On Thu, 2011-03-03 at 14:47 +1100, James Cameron wrote:
> On Wed, Mar 02, 2011 at 10:38:07PM -0500, Dr. Gerald Ardito wrote:
> > Both methods work within a session.
> > In GNOME, I can connect to the hidden network. And, if I change back
> > to Sugar, the connection is intact.
> 
> Yes.  NetworkManager still has knowledge of the hidden network
> connection request in memory, having been told about it by the GNOME
> nm-applet.
> 
> (Restarting NetworkManager at this point causes the connection to drop
> and not be re-established.)
> 

Well sort of, if you restart MN in a terminal in GNOME, the connection
is re-established, switch over to sugar the AP icon has the ESSID
populated. This works if "Available to all users" was ticked as NM sees
this as a system connection under root's control. Now open terminal in
SUGAR and restart NM, now the ESSID is set to "None". While un-ticked
you will be prompted for the info, which is saved in connections.cfg.
The difference might be that in GNOME you have gnome-keyring running
while in SUGAR it's not. There is the question of who owns the
connection while setup as an ifcfg file, root or olpc? 

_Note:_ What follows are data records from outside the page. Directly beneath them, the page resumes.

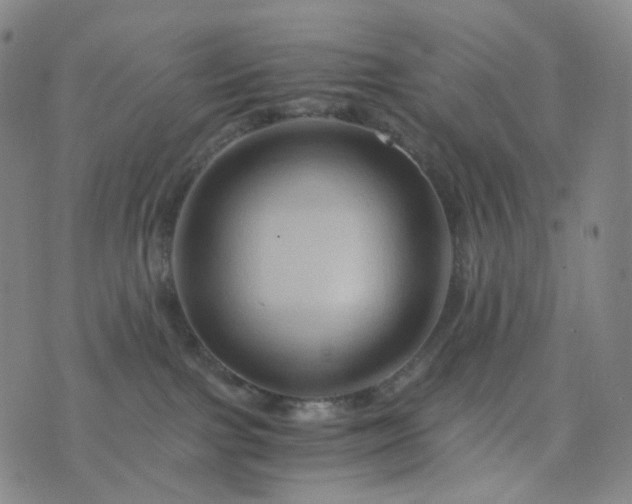 X0000076450091200610202345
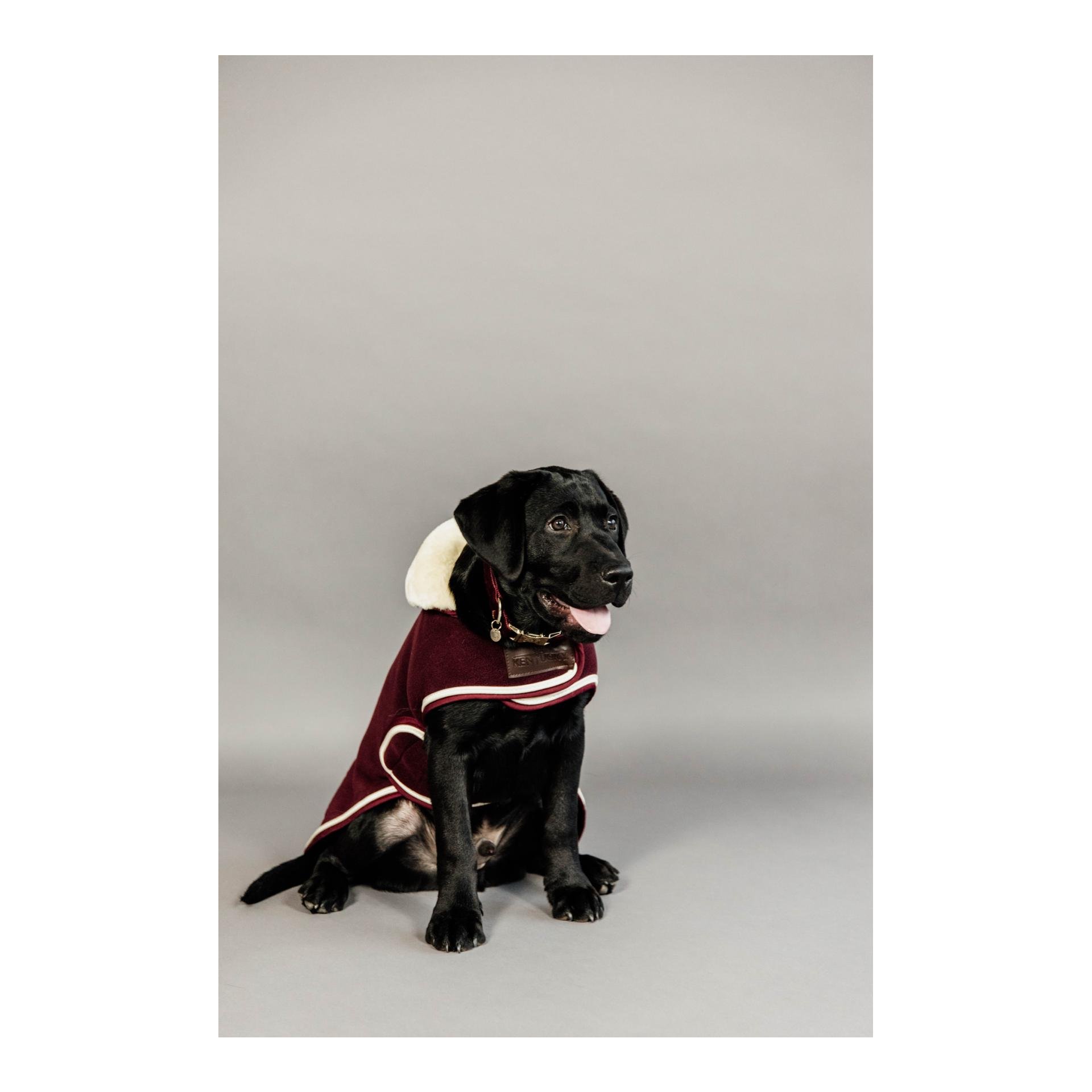 Hundehalsband Corduroy - bordeaux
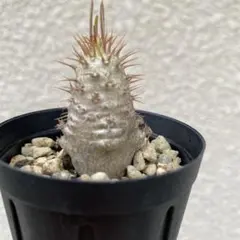 パキポディウム　多頭　グラキリス　実生 パキポディウム グラキリス多頭 実生株 | HANDS PLANTS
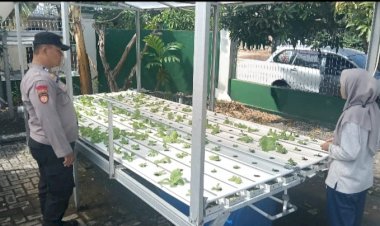 Bhabinkamtibmas-Balonggabus-Candi-Dukung-Ketahanan-Pangan-Lewat-Program-Hidroponik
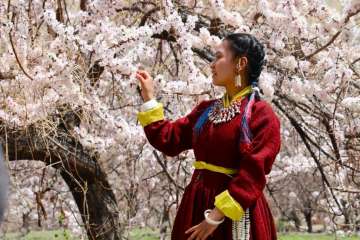Apricot blossom tour package in Leh Ladakh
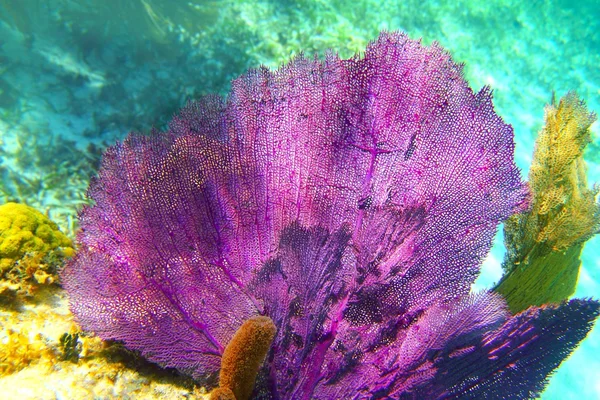 Karaiby rafy koralowej Riwierze Majów kolorowy — Zdjęcie stockowe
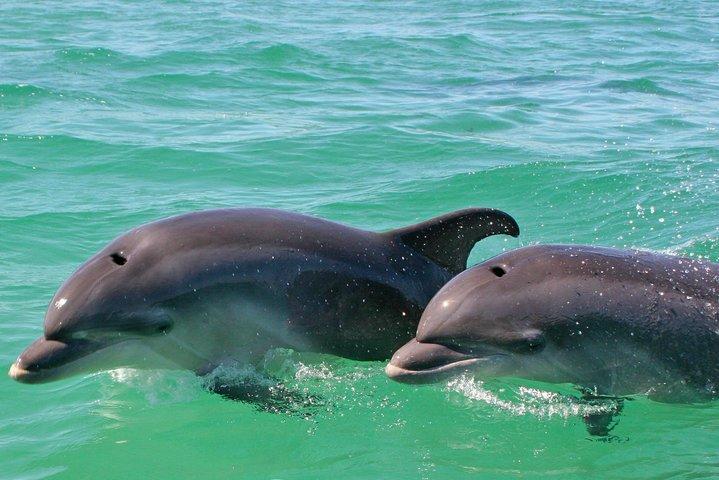 Dolphin Watching in the Wild - Half Day - photo 2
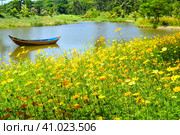 Yellow flowers against wooden boat floating in lake in Vietnam. Стоковое фото, фотограф Татьяна Терехина / Фотобанк Лори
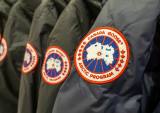 Luxury Outerwear Brand Canada Goose Plans To Go Fur-Free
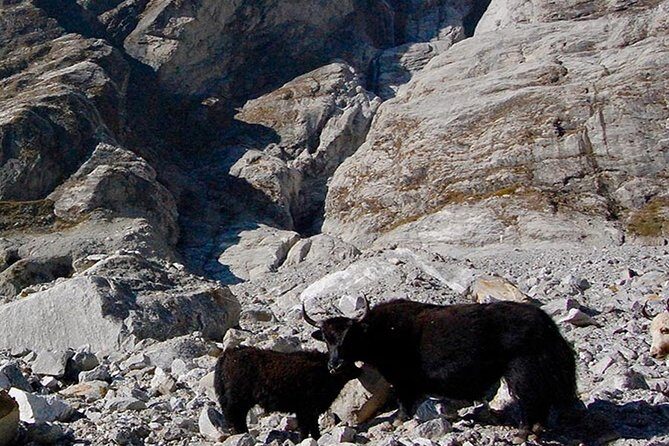 Langtang Valley Trek – 11 DAYS - The return down: Lama Hotel and Syabrubesi, same route, better perspective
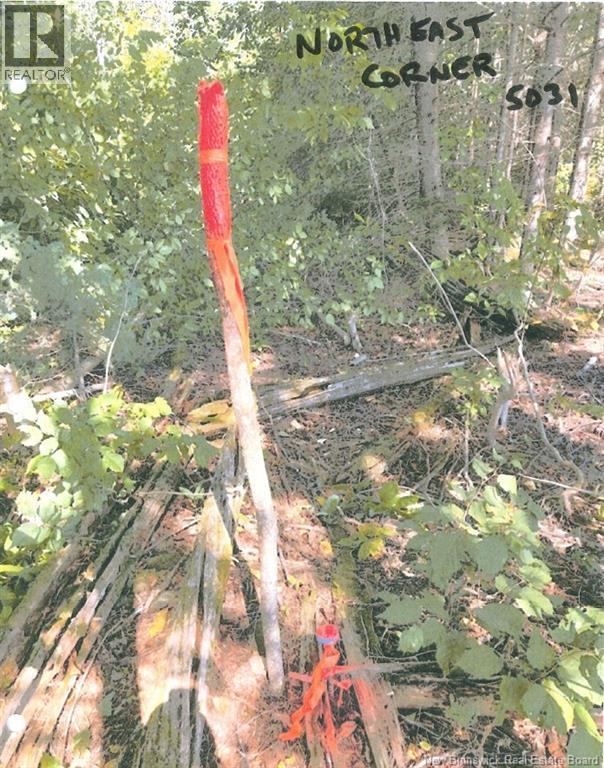 Lot 09-02 Trueman Graham Road, Harvey, New Brunswick  E6K 1B5 - Photo 18 - NB129965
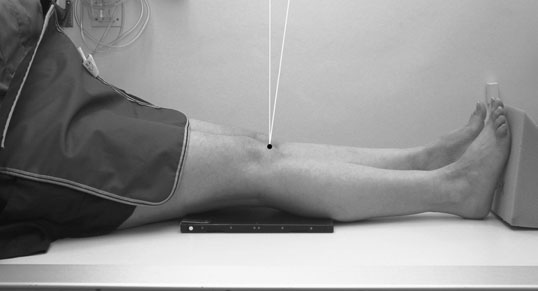 Profil (lateral). fiecare imagine este normally acquired using a 18  24-cm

> > When I reboot, however, while the Wireless Connections UI (iin either
> > GNOME or Sugar using nm) shows the connection properly, it does not
> > actually connect to the hidden ssid.
> 
> Yes, I agree.  After reboot, NetworkManager is restarted, and therefore
> no longer knows about the hidden network connection request.
> 

Agreed, I'll look for how "Connect to Hidden Wireless network" runs its
re-scan for the hidden network in the code. 

> The ONBOOT setting doesn't appear to work either.
> 

On an un-hidden network it does, or at least loaded as the UI becomes
usable.

Gerald, does your AP have any security or is it just hidden?